What needs to be done: Apart from the pictures, return every line of the listing exactly.

Given material:
^^^^^^^^^^^^^^^^
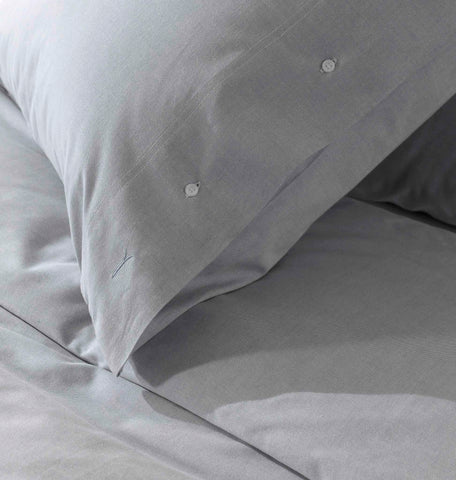 Yellow Dekbedovertrek Chambray Providence Blue - 100% Katoen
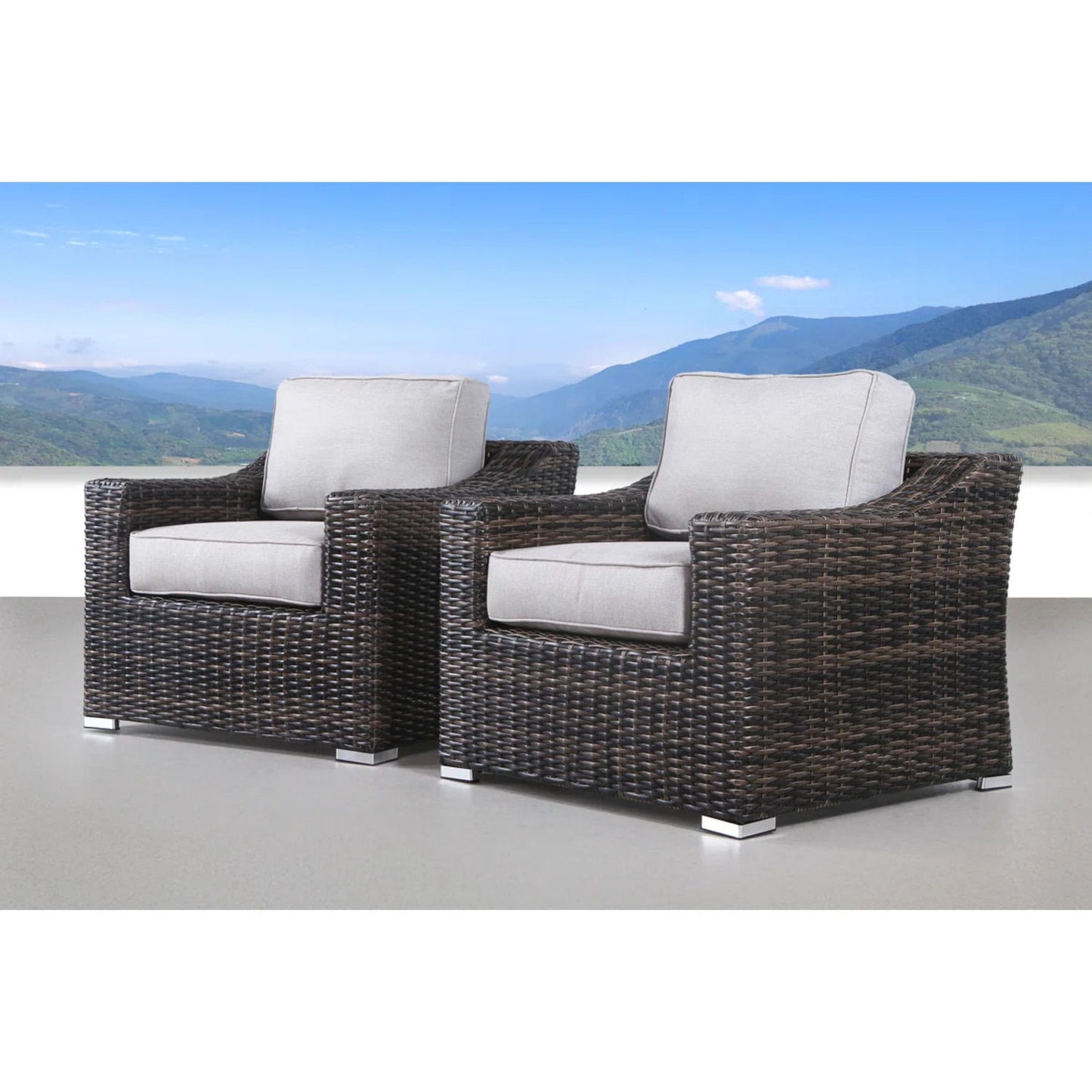 Modern Patio Chair With Cushions (Set of 2) - Brown LSI Patio Furniture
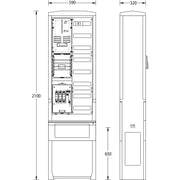 uesa - Zähler-Komplettschrank Zähleranschlußsäule ZAS-S-1-1VF TEN 2100x590x320mm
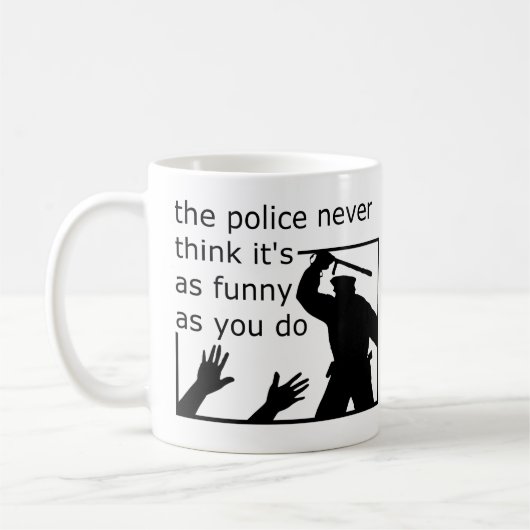 Politie Zingevoel Humor Grappige Mok (Links)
^^^^^^^^^^^^^^^^
Output of the task:
 Yellow Dekbedovertrek Chambray Providence Blue - 100% Katoen
 Modern Patio Chair With Cushions (Set of 2) - Brown LSI Patio Furniture
 uesa - Zähler-Komplettschrank Zähleranschlußsäule ZAS-S-1-1VF TEN 2100x590x320mm
 Politie Zingevoel Humor Grappige Mok (Links)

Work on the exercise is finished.